Another day, another moment in time..
As i sit here.. staring in blank nothingness.. i just think to myself .. "why me"
Why do i have such a distorted mind? Why do i feel so lonley.. why does no one care what happens to me nor cares to make me stop what i am doing to myself?
Nothing in life matters right now.. My sister--moved away, with her "fiance" or whatever he is.. She replaced him for me.. i'm no longer.. her heart. I'm just on the back burner, the 3rd wheel, the stupid younger annoying sissy.
my family, Never home. And when they are.. my mom is always on the downstairs.. the only thing i get from her are "uh huh.. talk to you later sweety.. not right now... " .. I try to talk to her but really, its just like talking to a brick wall..
As for my best friends... or shall i say X best friends..
we'v been best friends for a long time now. like 3 years or so.. Partners in crime, blood sisters aka B4L.. we shall i say.. broke up. Over something very un resonalbe.. just a stupid argument.. over TXT!! Can you believe that !I know.. how shallow. So a few hours past, lots of mean and hurtful words flew by and there i was.. one down one to go..
As for my other friend.. we havn't spoke in a week! Thats a long time compaired to .. us being connected at the hip! Seriously, wherever i went, she went.. trust me .. i mean EVERYWHERE!! lol. We were basically sisters. She was the only thing i had that actually filled the crater in my heart with the loss of my sister being gone.
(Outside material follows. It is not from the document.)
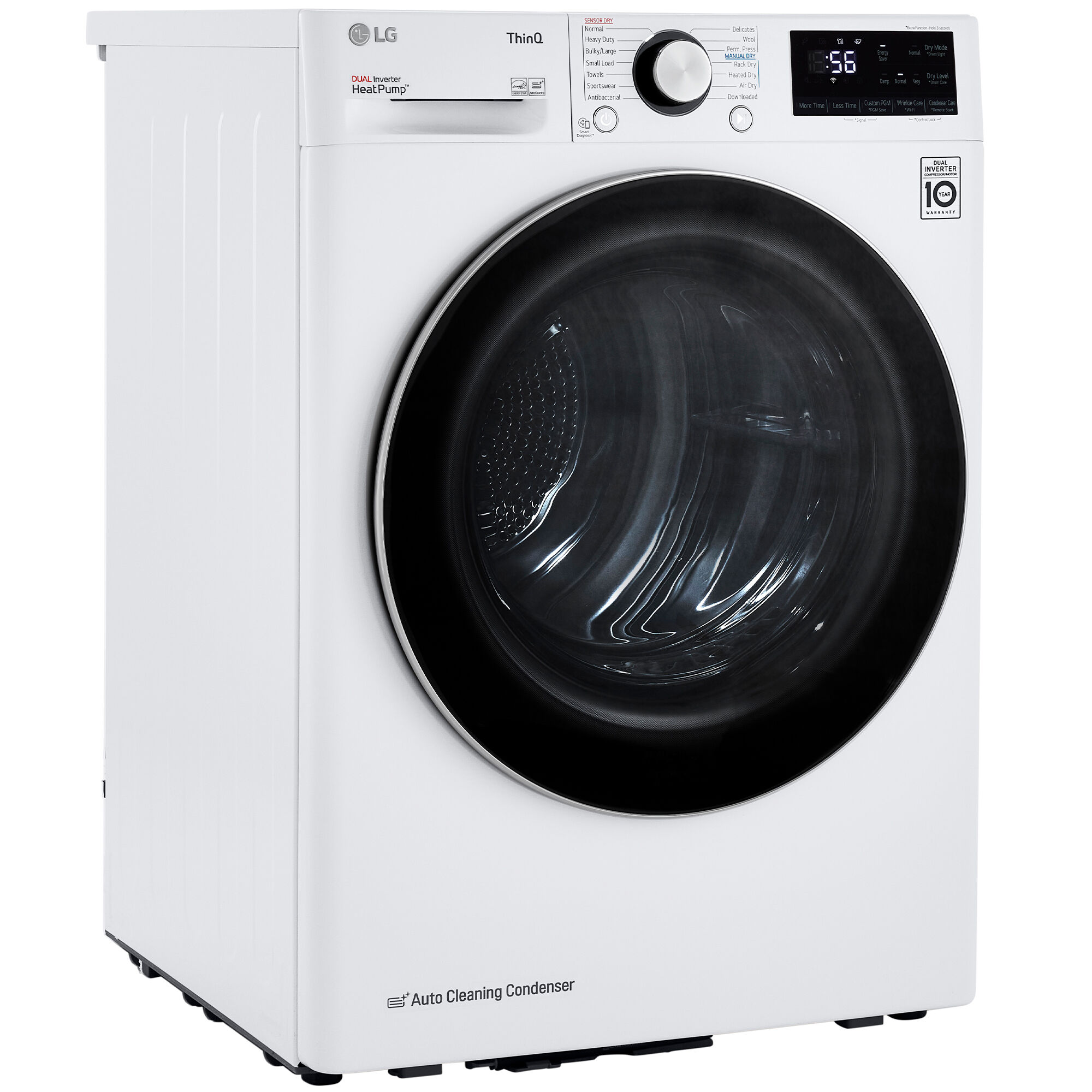 LG 24 in. 4.2 cu. ft. Smart Stackable Ventless Electric Dryer with Heat Pump, Sensor Dry & Sanitize Cycle - White, White, hires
I actually felt like i had someone to talk to, someone to love and be apart of me.. Then there came... DUN DUN DUN... her boyfriend Jordan.. ever since then i'v been ditched, stepped on, and trown out the window.. not to mention blown to piece and ripped to shreds..
We always promised we would be friends till the very end.. Welll hmm we'v been through everything to gether from.. eating crayons & first dance recital to our first shop lifting incident and our first sip of alchol..
Which now leaves me.. friendless, familyless, boyfriendless.. (i didn't even tell you what he did to me.. basically ripped my heart out, and took a dagger to it making sure nothing was left.. ) and basically mindless..
Nothing can satisfy me more than a nice glass of f whine and a few pain killes.. no big deal..
I'm just stressed,.. Can anyone relate!?